Existe, además, una fragilidadidad menos visible pero igualmente relevante, la del catalán como lengua de uso social y laboral. No desde una mirada sentimental, sino funcional. La lengua es una infraestructura invisible que articula relaciones, integra personas y construye cohesión. Cuando una lengua propia retrocede en el ámbito laboral, no solo se debilita el patrimonio cultural, sino también la capacidad de integración y de comunicación eficiente. El uso habitual del catalán hace años que retrocede, especialmente entre los jóvenes y en entornos urbanos. Esta debilidad también tiene un coste económico, con equipos menos cohesionados, entornos de trabajo fragmentados y más dificultades para construir proyectos compartidos. Es otra factura que se ha ido acumulando sin mucha conciencia
Ninguno de estos problemas es nuevo. Ninguno ha estallado súbitamente este año. Precisamente por eso, el momento es delicado. No hablamos de una crisis accidental, sino del resultado de muchos años de aplazar decisiones, de evitar debates incómodos y de confiar en que el tiempo lo arreglaría todo. Pero el tiempo, en economía, raramente juega a favor. El 2025 se acaba sin grandes catástrofes, pero con una evidencia incómoda. Hemos perdido margen. Y el 2026 ya se intuye claramente tocado, no por una crisis sobrevenida, sino por una larga cadena de omisiones.

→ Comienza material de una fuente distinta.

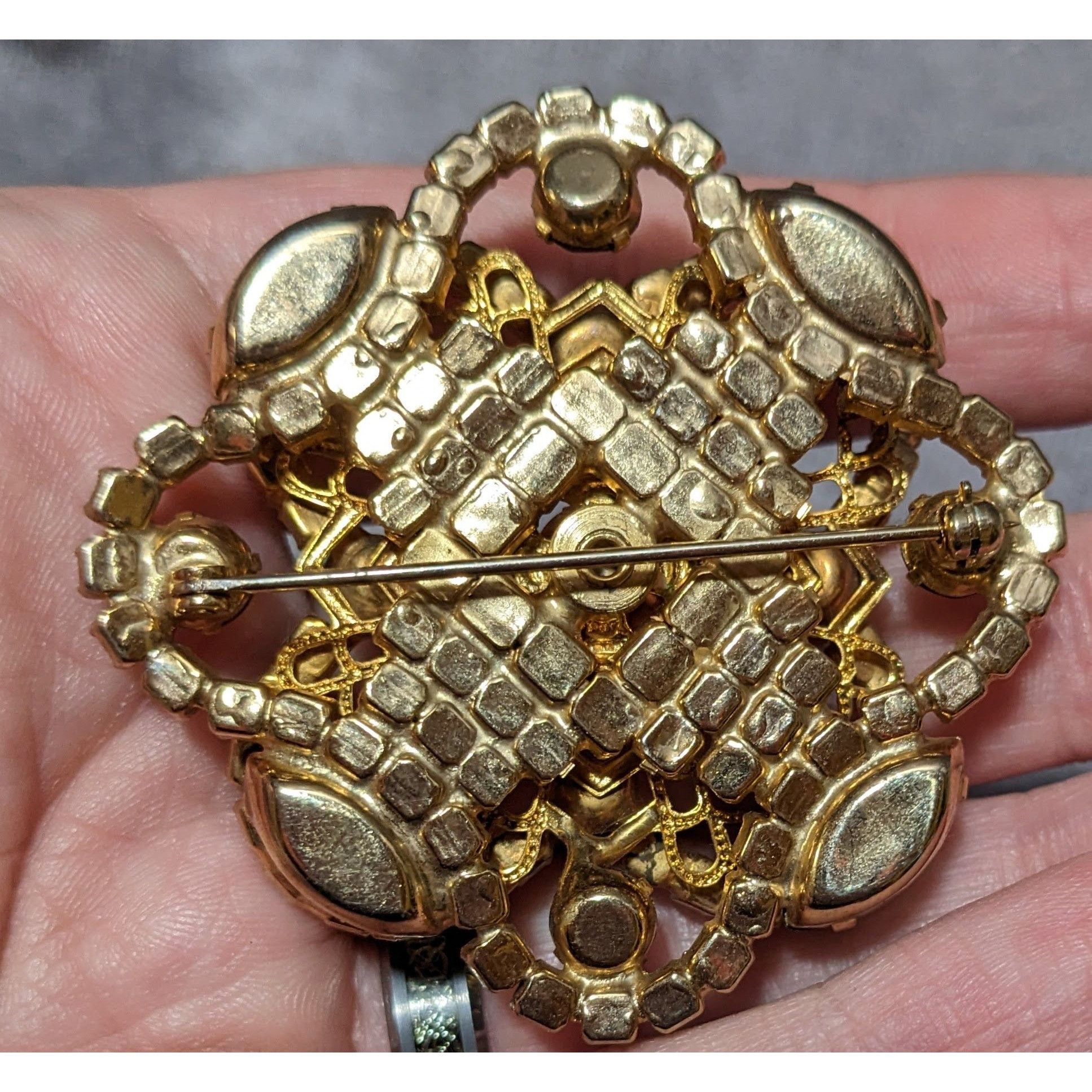 Other Vintage Floral Glam Multilayer Gold And Purple Rhinestone Br Size ONE SIZE - 6 Thumbnail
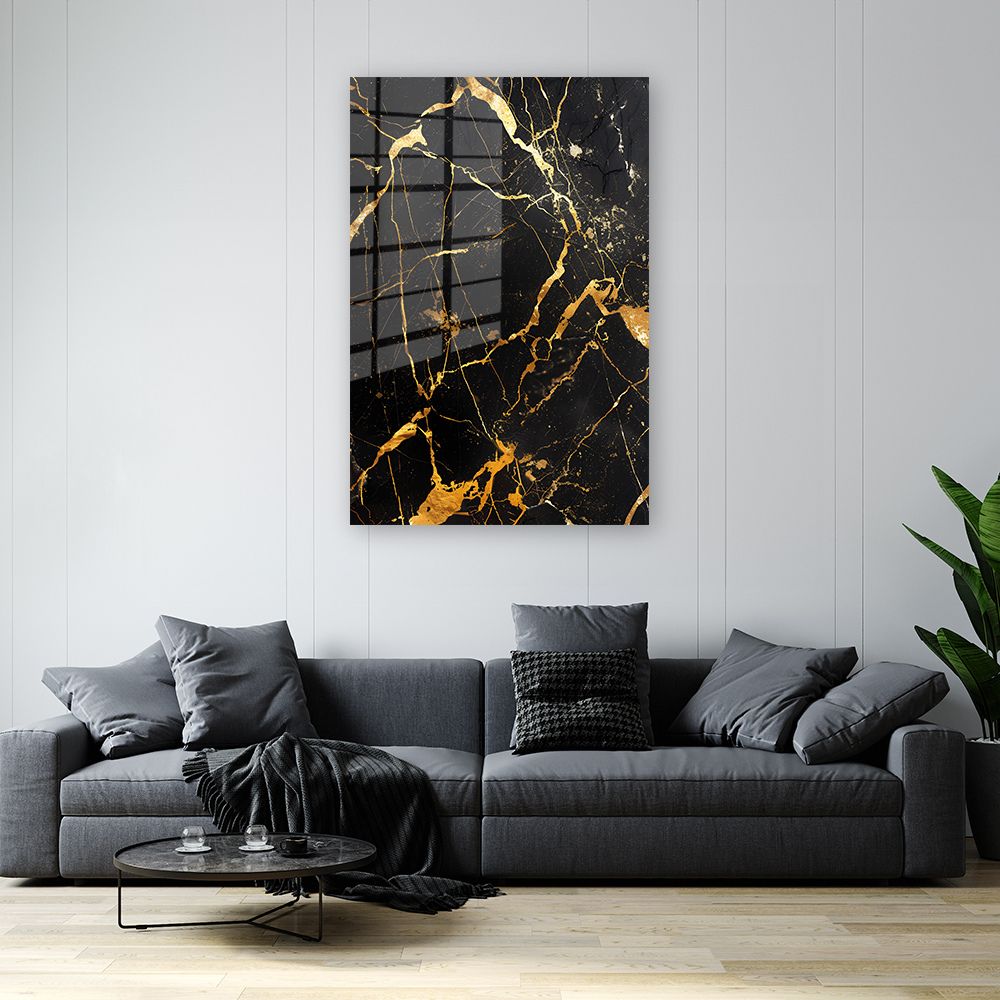 glasschilderij zwart goud marmer 3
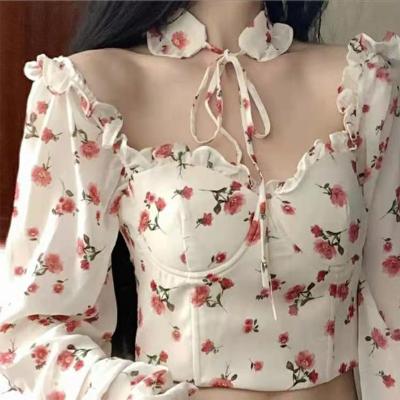 China New Printing Soft Fungus Edge Crop Top Navel Full-Length Women's Chiffon Breathable Shirt for sale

La buena noticia es que la factura todavía no está pagada, si bien el margen se acorta cada vez más. La pregunta ya no es si llegará, sino hasta cuándo continuaremos aplazándola. Los países no fracasan por falta de recursos, sino por falta de decisiones, y 2026 no pedirá discursos ni excusas. Exigirá gobernar con menos ruido y más responsabilidad.